I really like to help but without any further information i see no chance.

I am trying to crawl more than one page, and each page uses an infinite scroll. Can you help me with an example?

twendelmuth commented 3 years ago

Well it would help if you:

a.) can name at least the website you're trying to crawl b.) ideally you can make a small test case that illustrates the problem you're having and is reproduceable

Like a simple problem description & some code like in #311 goes a long way to help to reproduce & understand what you're trying to do.

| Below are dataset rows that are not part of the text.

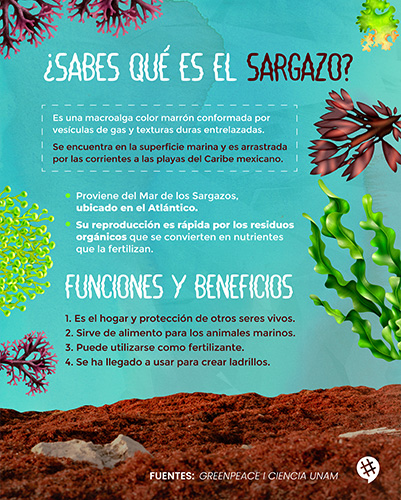 diseño8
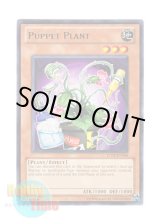 画像: 英語版 TU05-EN006 Puppet Plant パペット・プラント (レア)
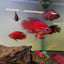 BALOON JEWEL CICHLIDS 4-5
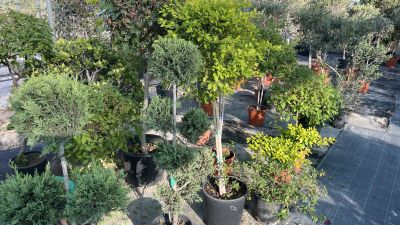 Opulent Romantic Flower Design Tala Unleash Luxury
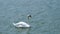 White Royal Swan in Lake Morton and the city center of lakeland Florida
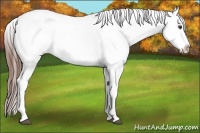 Horse Color:White Spotted Chestnut Appaloosa 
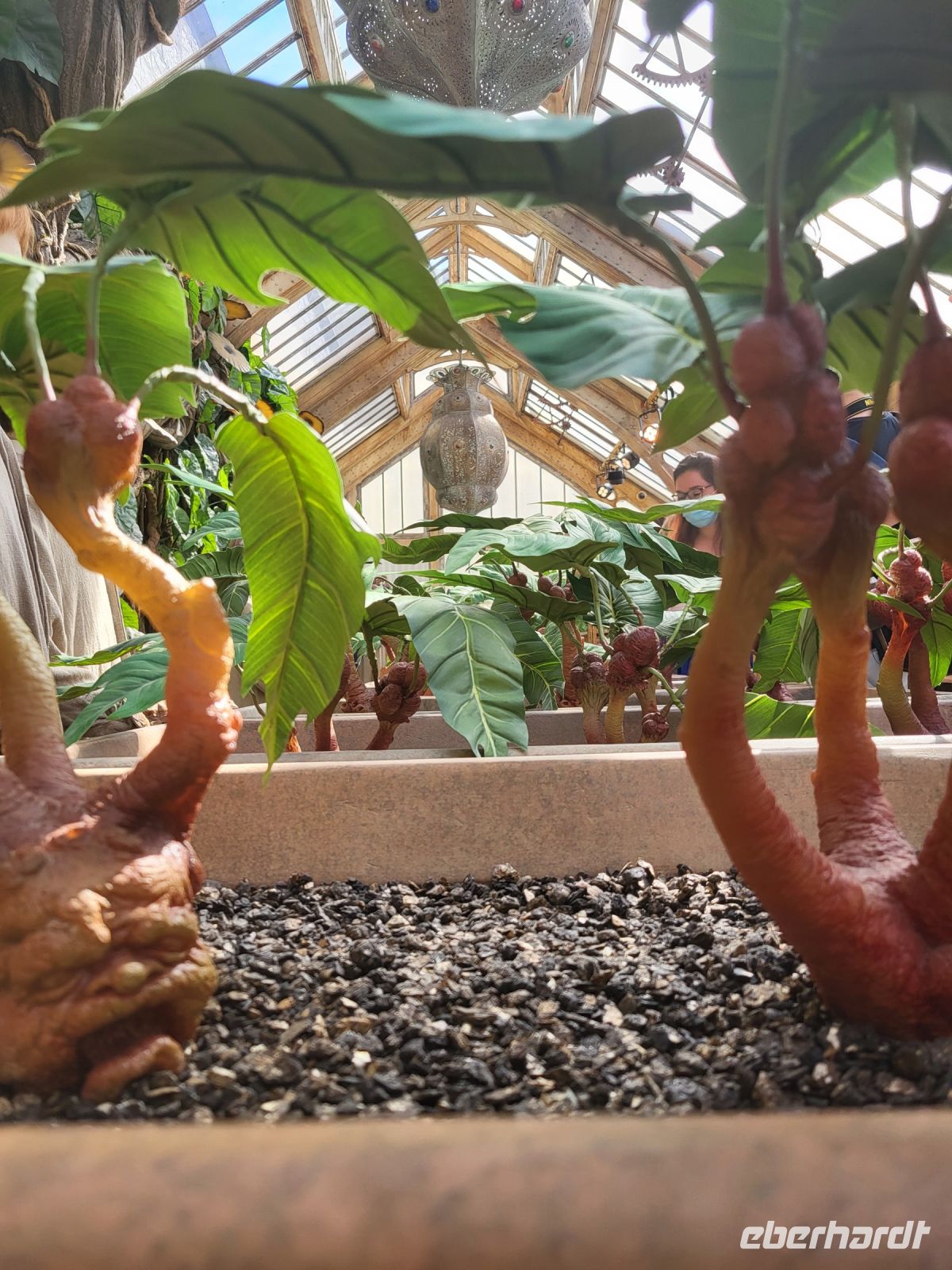 110 – England, London, Harry Potter Studio Tour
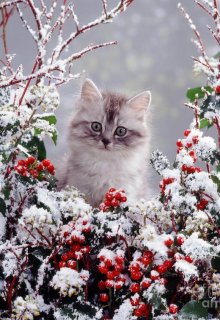 Зимний котонёк (Brossman)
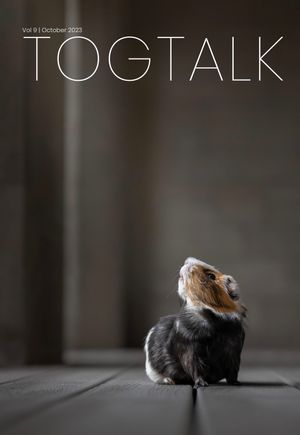 A small hamster sits in profile view on a dark surface against a blurred background.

meladkadies commented 3 years ago

Well it would help if you:

a.) can name at least the website you're trying to crawl b.) ideally you can make a small test case that illustrates the problem you're having and is reproduceable

Like a simple problem description & some code like in #311 goes a long way to help to reproduce & understand what you're trying to do.

ok man

code of main class

package com.MKdesign;

import com.gargoylesoftware.htmlunit.WebClient; import com.gargoylesoftware.htmlunit.html.HtmlPage; import org.jsoup.Jsoup; import org.jsoup.nodes.Document; import org.jsoup.nodes.Element; import org.jsoup.select.Elements;

import java.io.IOException; import java.util.ArrayList;

public class Main {

static ArrayList<String> cat = new ArrayList<String>();
static ArrayList<String> news = new ArrayList<String>();
public static void main(String[] args)  {
    String url="https://www.cairo24.com/";
    get_cat(1,url);
    try {
        get_news();
    } catch (Exception e) {
        e.printStackTrace();
    }
}
private static void get_cat(int lvl,String link) {
    //getcat
    Document doc = Crawlerbase.requset_catg(link);
    Elements links = doc.getElementsByClass("nav-link");
    for (Element lnk : links) {
        String href = lnk.attr("href");
        if (href.equals("#")) {
            href = null;
        } else {
            cat.add(href);
        }
    }
    //end getcat

    //get news

    //endgetnews
    //System.out.println(news);
}
public static void get_news()throws Exception{
    Crawlerbase setup=new Crawlerbase();
    setup.request_map();
    for(int i=2;i<cat.size();i++){
        try(WebClient cli=Crawlerbase.get_driver()) {
            String urlg=cat.get(i).toString();
            cli.waitForBackgroundJavaScript(25000);
            HtmlPage pag=cli.getPage(urlg);
       pag.executeJavaScript("window.scrollTo(0,document.body.scrollHeight);");
        cli.waitForBackgroundJavaScript(10000);
        Document doc1= Jsoup.parse(pag.asXml());
        Elements divs=doc1.getElementsByClass("news");
        for (Element div : divs) {
            String href1 = div.child(1).attr("href");
            if (href1.equals("#")) {
                href1 = null;
            } else {
                news.add(href1);
            }
        }
            cli.close();

        }

        System.out.println(news);

    }
}

}

code of the helper class

package com.MKdesign; import com.gargoylesoftware.htmlunit.BrowserVersion; import com.gargoylesoftware.htmlunit.NicelyResynchronizingAjaxController; import com.gargoylesoftware.htmlunit.WebClient; import com.gargoylesoftware.htmlunit.html.HtmlPage; import org.jsoup.Connection; import org.jsoup.Jsoup; import org.jsoup.nodes.Document;

import java.io.IOException;

public class Crawlerbase { public static WebClient webClient; public void request_map() throws Exception { webClient = new WebClient(BrowserVersion.CHROME); webClient.getOptions().setCssEnabled(false); webClient.getOptions().setJavaScriptEnabled(true); webClient.getOptions().setRedirectEnabled(true); webClient.getOptions().setThrowExceptionOnScriptError(false); webClient.setAjaxController(new NicelyResynchronizingAjaxController()); webClient.getOptions().setTimeout(500); } public static WebClient get_driver(){ return webClient; }

public static Document requset_catg(String link){
    try{
        Connection con= Jsoup.connect(link);
        Document doc=con.get();
        if(con.response().statusCode()==200){
            return doc;
        }
        return null;
    }
    catch(IOException e){
        return null;
    }

}

}

rbri commented 3 years ago

To make it more simple for us, can you please strip down your sample to pure HtmlUnit. From my point of view there is no functionality in Jsoup that is not also available in HtmlUnit. This will make it simpler for us to reproduce your case. Thanks.